Nous avons le privilège, j’ai le privilège de vivre dans un pays en paix, j’ai le privilège de ne pas être ici et maintenant la mère, la femme, la fille de morts contemporains. J’ai le privilège de vivre dans un pays qui a édifié, il y a plus d’un siècle, des monuments à la mémoire des morts que nous honorons aujourd’hui, qui nous donnent le temps et l’espace de regarder les guerres à bonne distance, avec toute la nuance qui convient, pour éviter celles de demain.
Ces privilèges nous obligent.
Nous devons en toutes circonstances choisir le camp de la paix.
Et je ne voudrais pas seulement commémorer aujourd’hui, car se rappeler ne suffit pas, il faut chercher à comprendre en regardant l’histoire. La haine contre les boches était-elle la véritable cause de la guerre de 14 ? nous savons tous que non, et nos amis allemands le savent aussi. La haine entre les peuples n’est pas la vraie cause des conflits, elle sert de paravent pour masquer les raisons profondes des agressions. Le moteur des guerres, c’est la nécessité, pour assouvir la soif d’enrichissement, de s’accaparer des ressources au-delà de ses frontières et notamment le pétrole et les terres. En 1914, le capitalisme est en crise et c’est sa logique interne de développement infini, qui pousse les impérialismes à attaquer pour chercher des ressources ailleurs.
Et c’est tragiquement ce qui est en train de se dérouler sous nos yeux en Ukraine et au Proche Orient. On nous vend des guerres de civilisation, mais ce sont des guerres qui s’enracinent dans des intérêts économiques dans lesquels beaucoup de puissances occidentales sont impliquées.
La France doit dire qu’elle n’est pas d’accord avec ces massacres de masse. Le camp de la paix a besoin d’être porté par une voix politique et celle de la France peut compter.
La France doit accompagner tous les partisans de la paix, comme les 35 000 femmes, Israéliennes et Palestiniennes rassemblées dans le mouvement women wage peace, qui ont manifesté ensemble avant l’embrasement du 7 octobre, et qui poursuivent leurs actions, pour encourager leurs peuples à se connaître, à lever les barrières de peur et de méfiance réciproques et briser les cercles mortifères de haine et de vengeance. La voix de ces femmes qui sont capables de défendre la paix par-delà le deuil est un exemple, un espoir. Il est impératif de les intégrer pleinement dans les processus de résolution des conflits car elles sauront mieux que d’autres défendre le pacifisme contre les intérêts et la folie de domination du capitalisme.
Mesdames et messieurs, l’humanité a besoin de la paix pour affronter le réchauffement de notre planète et les bouleversements qui en résultent.
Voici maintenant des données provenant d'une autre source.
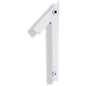 Sleek modern house number 1 in chrome finish for contemporary home decor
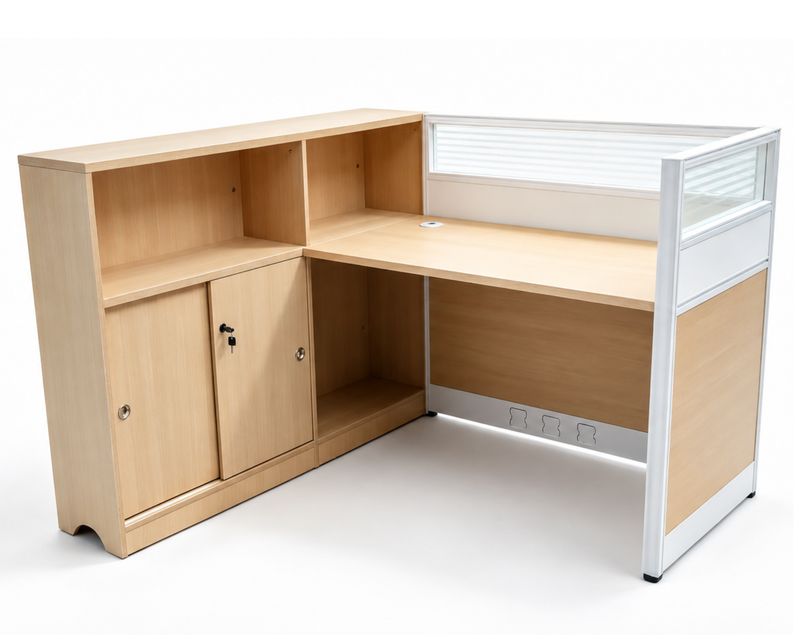 Ofix LP-15 Manager Desk Without Removable Drawer (Oak) (Chair is Not Included)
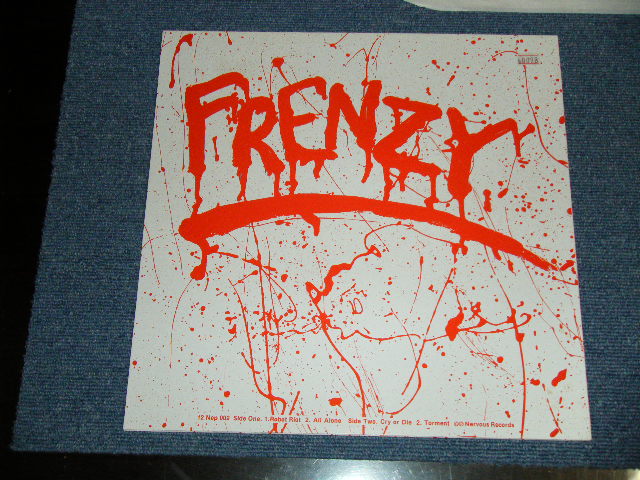 画像: FRENZY - FRENZY .. ( MINT-/MINT- ) / 1984 UK ENGLAND ORIGINAL"ORNGE WAX Vinyl"  Used 12" 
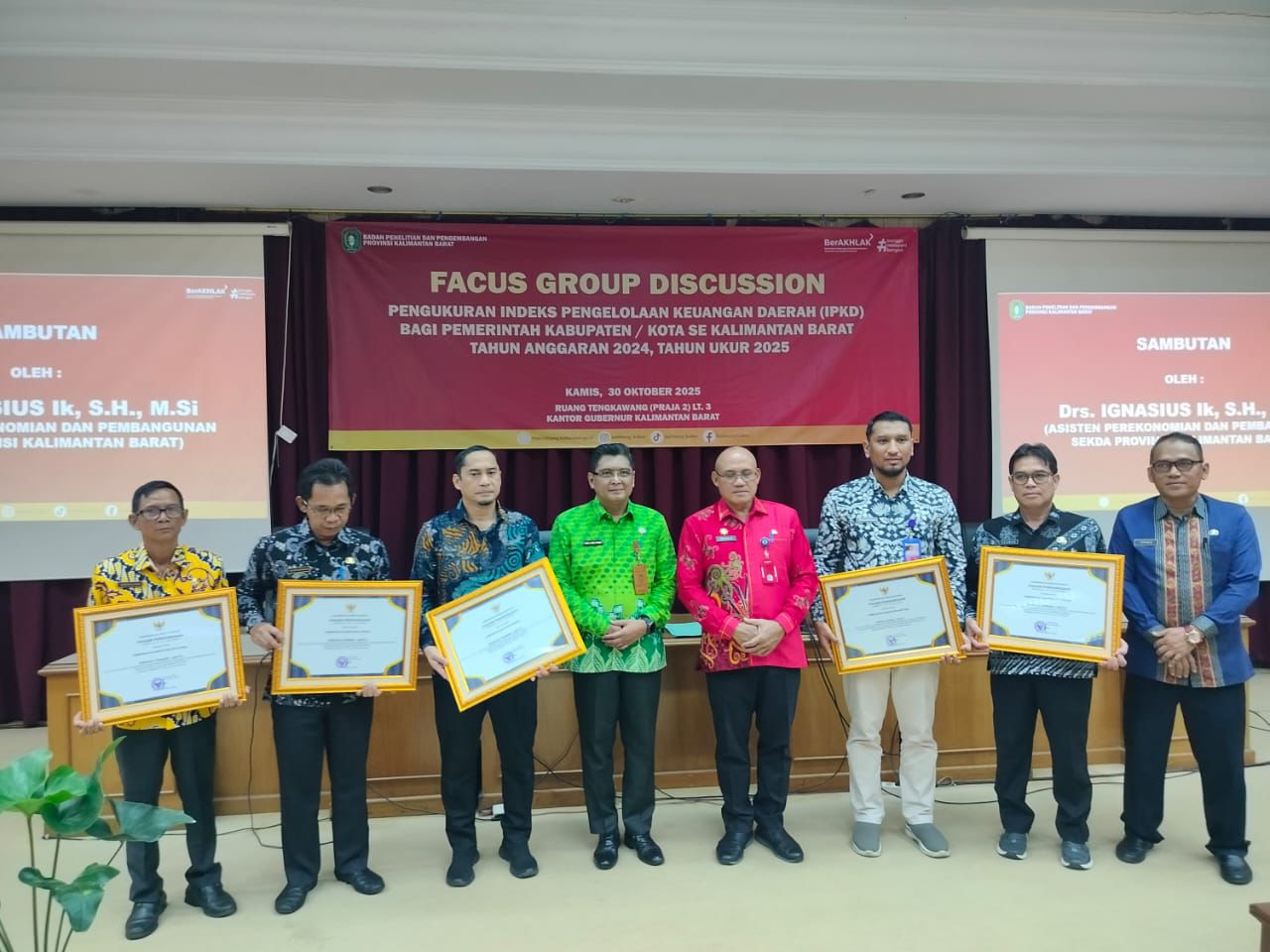 Pemkot Pontianak Kembali Catat Prestasi, Raih Skor IPKD Tertinggi se-Kalbar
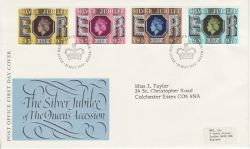 1977-05-11 GB Silver Jubilee Stamps FDC (77854)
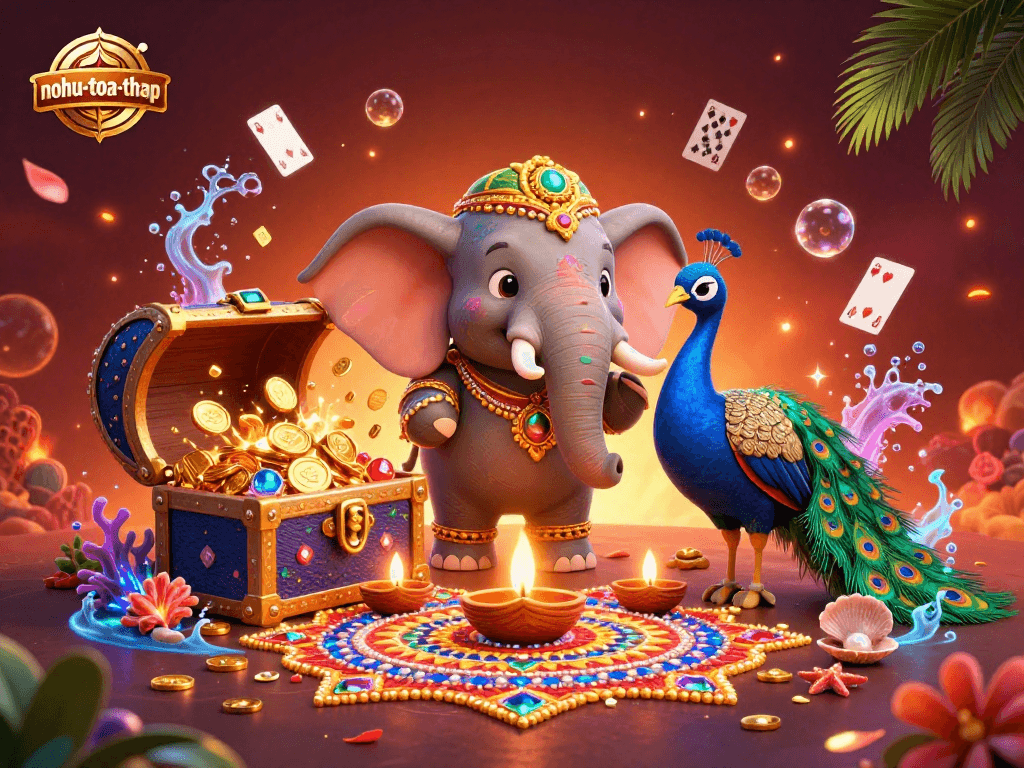 Play treasure games with nohu-toa-thap for a chance at vibrant jackpot wins.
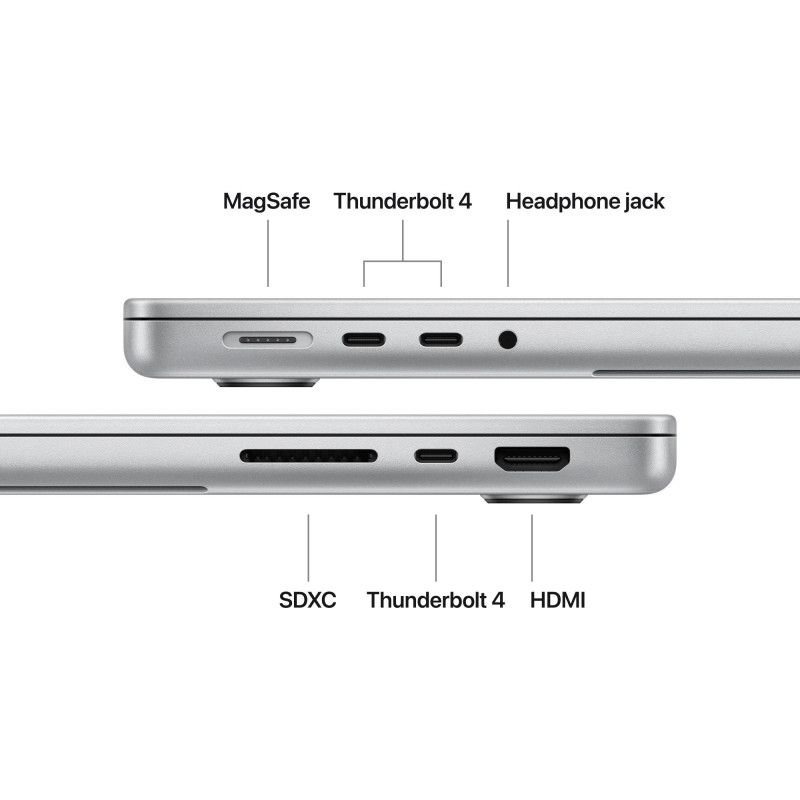 Ноутбук Apple MacBook Pro 14 A3434 M5 Silver (MDE54UA/A)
Il y a urgence à retrouver la raison pour éviter les guerres que le capitalisme va produire par les dérèglements climatiques qu’il a lui-même causés. Cette prédation sur les ressources naturelles, cette frénésie de la croissance infinie, cette consommation à outrance ont bouleversé le fragile équilibre propice à la vie sur terre et nous le savons tous, nous aurons affaire à des guerres climatiques.
Pour y faire face, il est illusoire de vouloir protéger ses frontières, il faudra partager. S’il y a conflit pour la terre, pour l’eau, pour les matières premières, il faudra les partager. Il faudra mettre en commun nos efforts, nos intelligences, nos ressources humaines car de nombreux scientifiques l’ont montré à toutes les échelles du vivant : l’entraide est le véritable moteur de l’évolution, quand la compétition est le moteur de la destruction. Il est temps de changer les lois de l’argent, ce sont celles du vieux monde, du monde du patriarcat et de la domination, cherchons le véritable progrès qui est celui de l’intérêt général humain, de l’harmonie et du vivre ensemble.